European Commission backing, via the Erasmus + programme, has the power to make the European Training Foundation's new Network for Excellence  (ENE) in vocational education a truly global platform, a senior EU official said on Thursday, 11 March. 

Joao Santos, an official at the EU Commission's DG Employment, EU Support Services and Erasmus +, said that a new focus on supporting learner mobility will mean more financial backing for international platforms that encourage the sharing of excellence in vocational education.

The ETF's Network for Excellence - launched last year and which already brings together 140 Centres of Vocational Excellence (CoVEs) in 25 countries from the EU and partner countries - will be eligible to access a €5 million Erasmus + grant scheme designed to support international educational platforms.
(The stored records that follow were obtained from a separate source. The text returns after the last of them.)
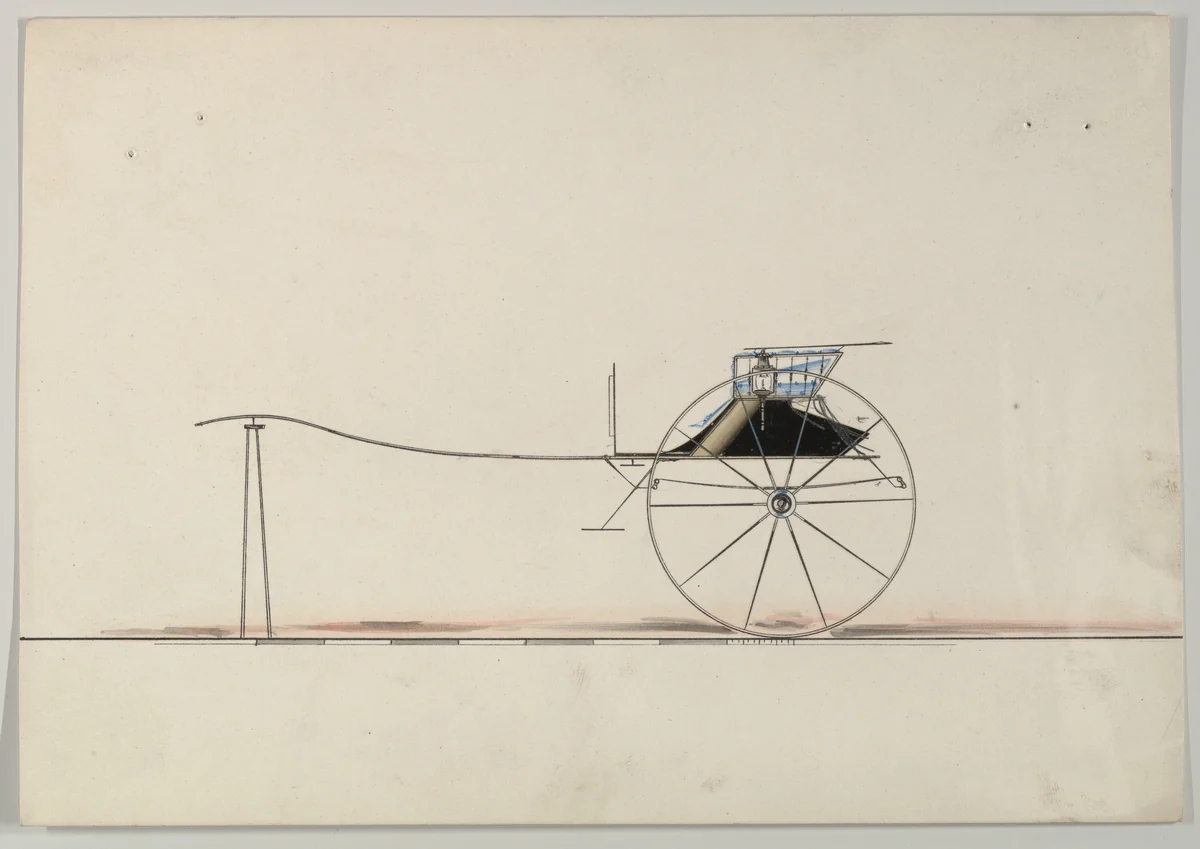 Gig (unnumbered) by Brewster & Co., drawing, 1850-1874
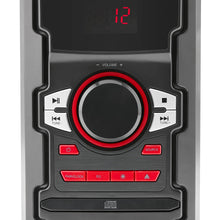 Speaker system control panel with volume knob and red-backlit buttons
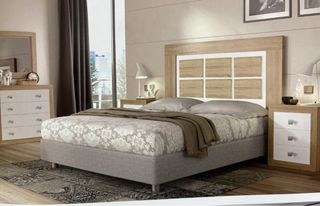 Dormitorio Matrimonio Moderno Madera y Blanco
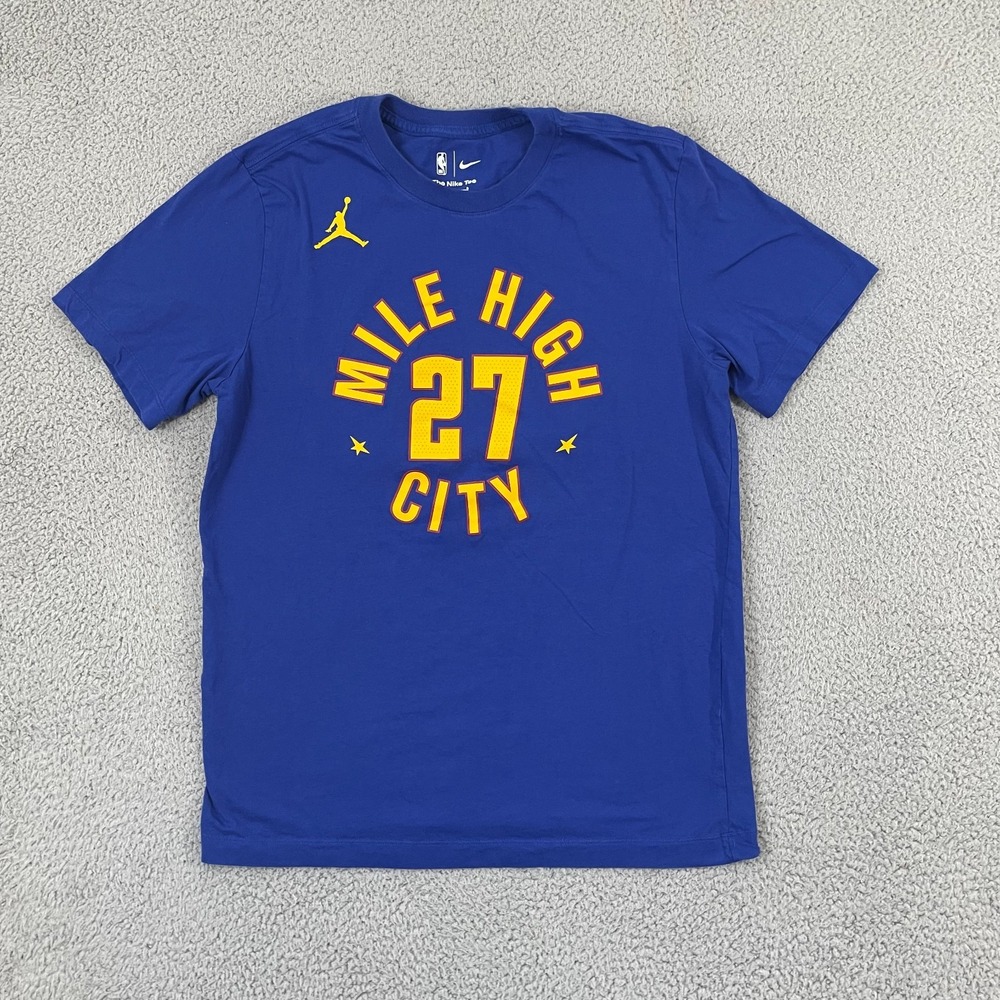 Jamal Murray Mile High City Nike Shirt L Blue Denver Nuggets Jordan NBA Finals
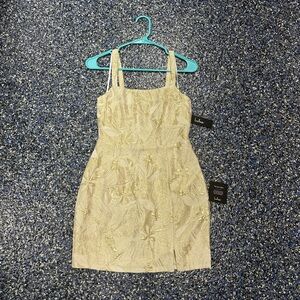 Brand new gold and white mini dress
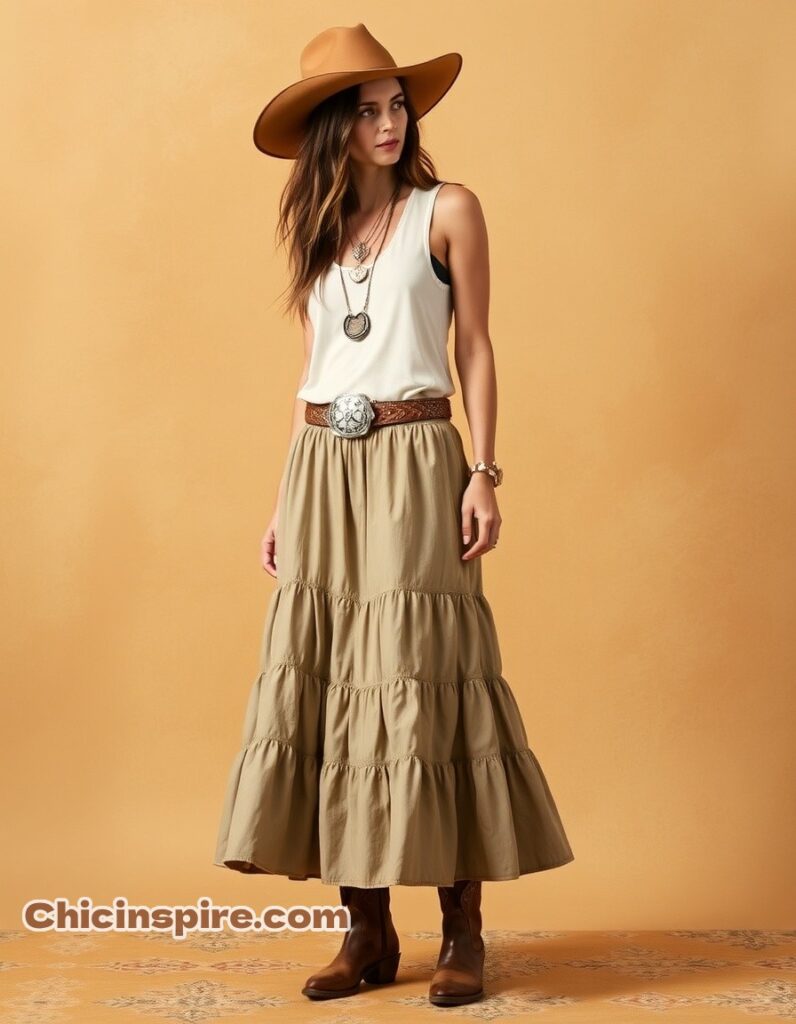 cowgirl Tiered Skirt Magic, Tiered cotton midi skirt, tucked-in tank top, concho belt, ankle boots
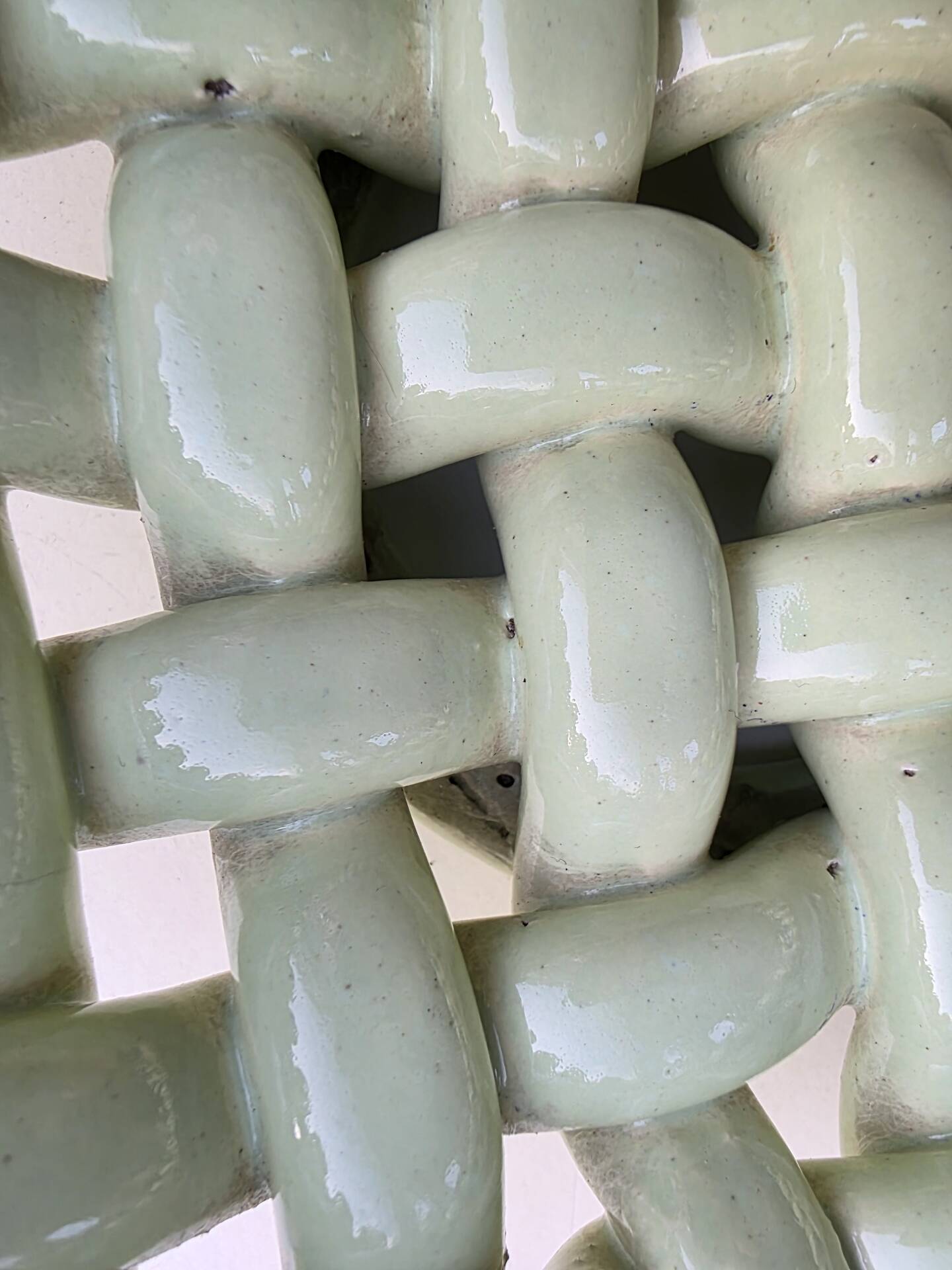 Light green woven ceramic basket Jérome Massier Vallauris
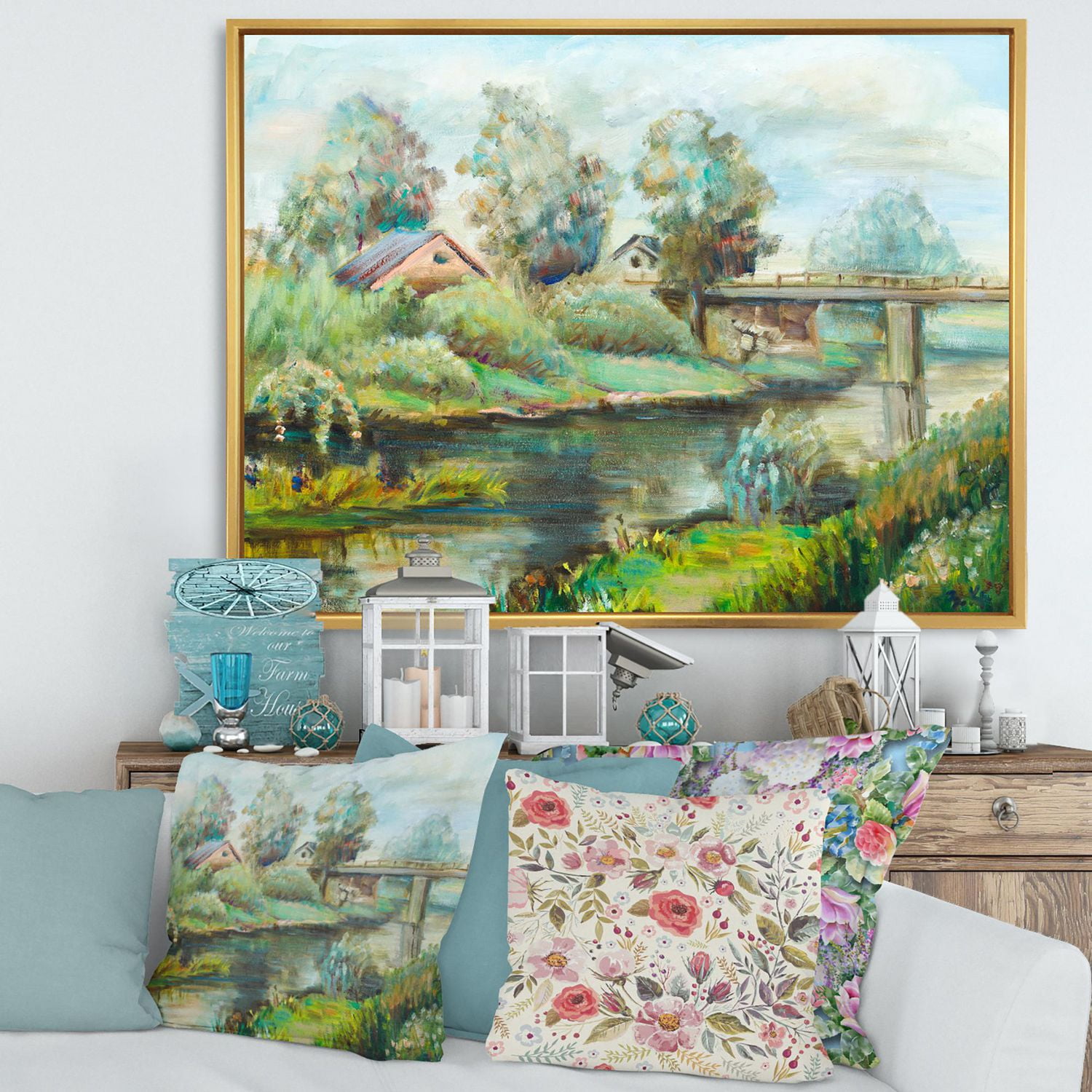 Designart Pont sur la rivière dans un paysage rustique ART MURAL À CADRE FLOTTÉ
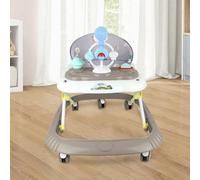 Andador de bebé ajustable en altura con ruedas silenciosas, centro de actividades con música y luces, para bebé de 6 a 18 meses, carga 12 kg-67 x 72 x 92 cm-Kaki(B)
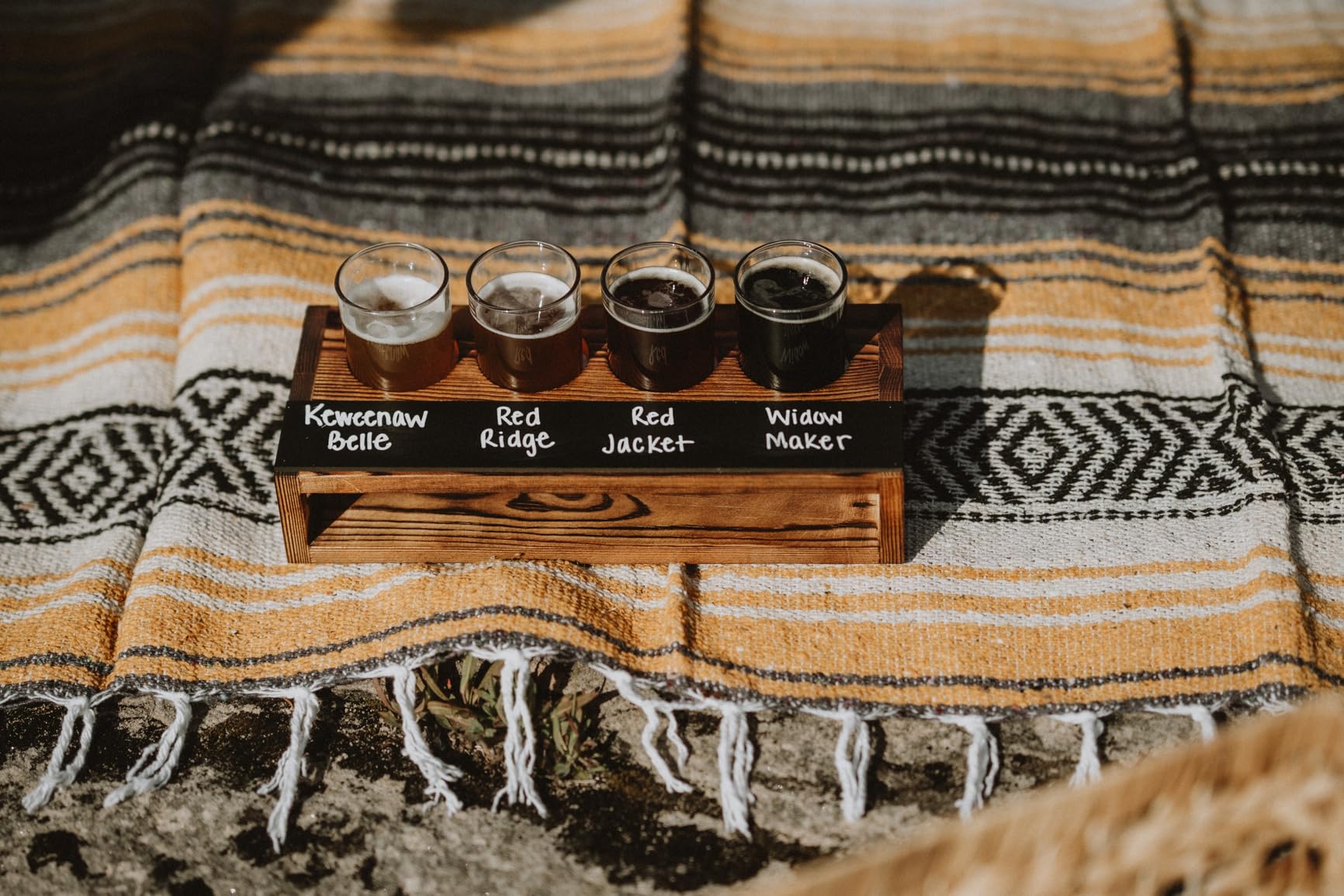 MyGift Rustic Burnt Solid Wood Tasting Beer Glass Gift Set with 4 Tasting Beer Glasses and Serving Tray with Erasable Chalkboard Label customer photo 1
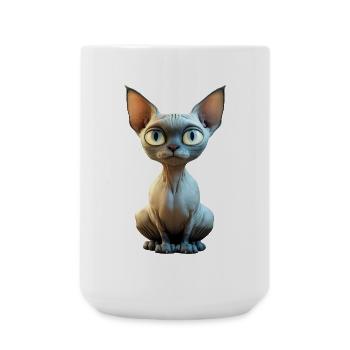 Chat Sphynx Chat Sphynx Chat Canadien Mignon Sphinx - Grande tasse 440 ml - blanc - Devant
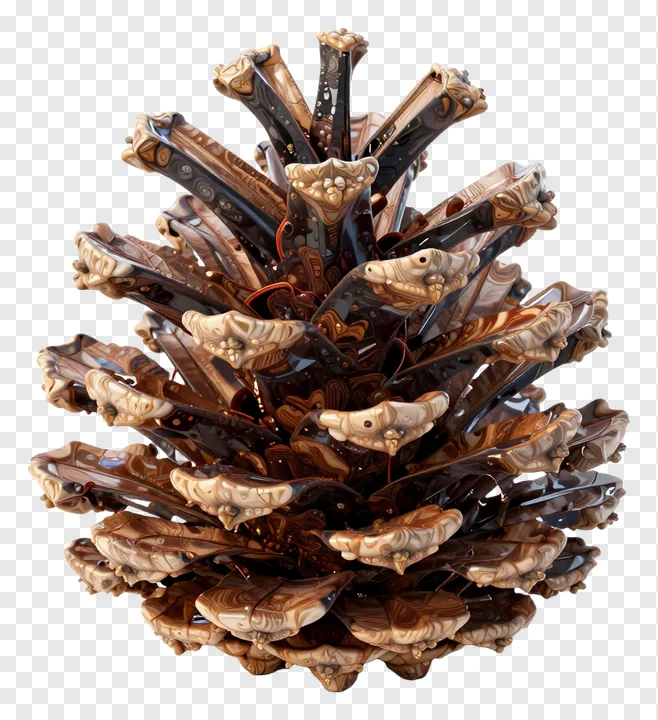An artistic, glass-marbled pinecone sculpture with intricate swirls.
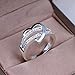 Cafurty Women's Silver Love Heart Alloy Wedding Ring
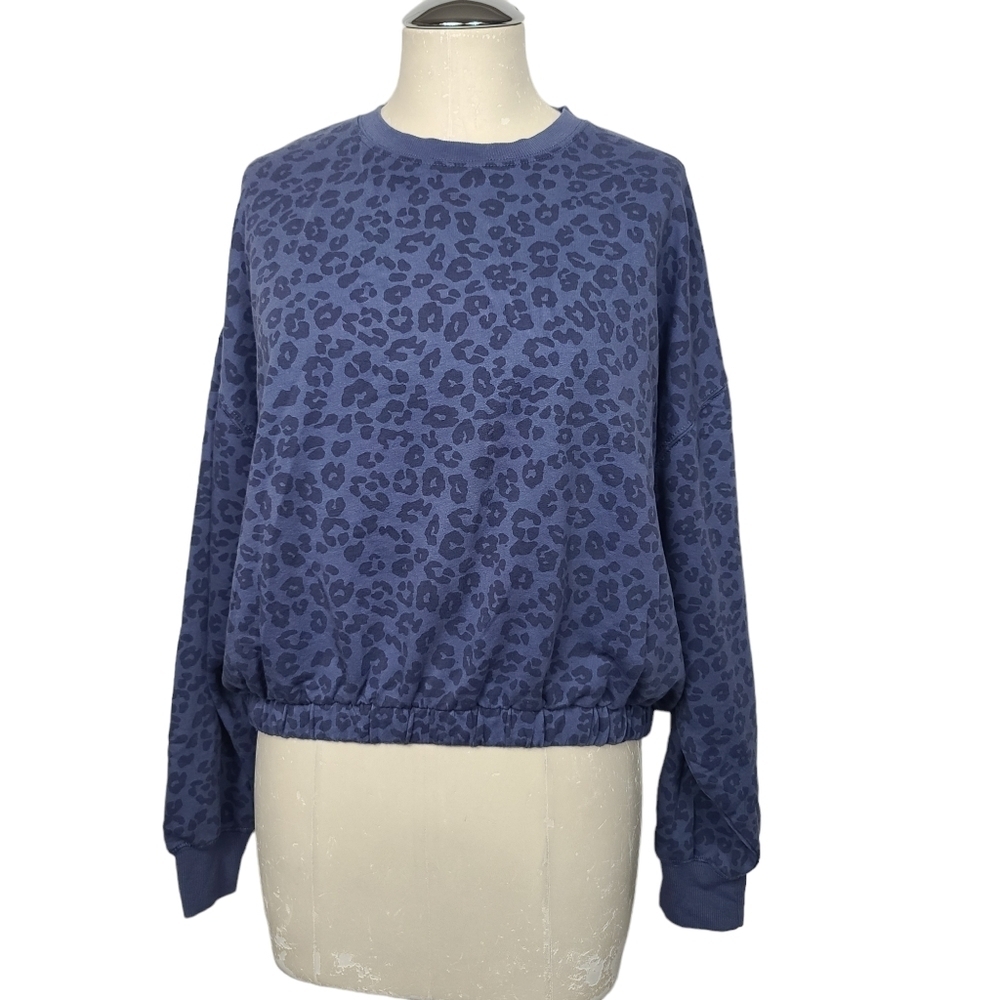 Z Supply Animal Print Cropped Crewneck Sweatshirt XS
Although it does not provide support for infrastructure development (e.g. setting up wifi networks), it does offer the possibility to "co-finance partners from countries outside of the EU where added value can be identified."

"The green and digital transitions are at the heart of the themes the EU will be focusing on in the coming years," Mr Santos told participants Thursday in the first of a two-day online event "Centres of Excellence as engines for vocational education and training development."

He added that a call for 2022 Erasmus+ projects would be published in April and a section entitled "establishing community of practice for Centres of Excellence" will be added in June for those vocational education schools that wished to widen their partnerships.

The event, streamed by the ETF from its Turin, Italy headquarters, with contributors and participants from within the EU and partner countries that included Kazakhstan, Morocco and Serbia among others, focused on what had been achieved since the ENE network was established and core principles for driving partnerships and developing excellence in vocational education.

Initial work with the ENE network last year had focused on developing towards excellence and highlighting the role CoVEs play in work based learning (WBL), participants heard.

Self-assessment surveys had shown that CoVEs were keen to improve in areas that included pedagogy and professional development as well as building skills for greening. Boosting autonomy and working with employers on WBL and in public private partnerships were also areas of common interest across the network.

Danijela Manic, an English teacher and coordinator for international cooperation at the Aviation Academy in Belgrade, Serbia, said that by cooperating with aviation schools across Europe - in France, Czechoslovakia, Romania, Italy, Spain and Turkey - teachers were able to develop professional skills that counted towards Serbian government targets for in-service training.

"We encounter new content, new subjects," Ms Manic said. "We function like a big family and share experience with our VET teachers."

Developing WBL is another key priority area central to the work of CoVEs, whereby closely working with business and industry VET schools can attract students and help ensure a fast developing labour market has access to trained workers with state-of-the-art skills.

Agris Ruperts, Chair of Vocational Educatoin Association of Latvia, which is working on a six country pilote CoVE scheme with Albania, Armenia, Belarus, Kazakhstan, Moldova and North Macedonia, on developing WBL schemes, said: "It is often hard for schools to persuade companies to be interested in work based learning, but it is up to us to show the benefits. In many countries labour shortages are increasing, byt engaging in work based learning companies from the beginning can build their future employee."

Advancing innovative technical and digital solutions to training is another area where CoVEs are forging ahead: in Italy's Reggio Emilia region, 1,000 companies and 50,000 employees are engaged in establishing a "digital district strategy" to more effectively share skills training opportunities.

And in the Basque region of Spain, Luis De La Torre, Associate Professor at the Computer Science and Automatic Control Department, Universidad Nacional de Educación a Distancia (UNED) and CEO of Nebulous Systems, had developed software to enable the remote accessing of laboratories. For an investment of around €6,000-8000 users can access state of the art laboratories without stepping away from their own computer screen.

"With a web camera for video feedback and smart power devices that run only when you are operating a lab experiment remotely, students and researchers can access top facilities from anywhere," Mr De La Torre said.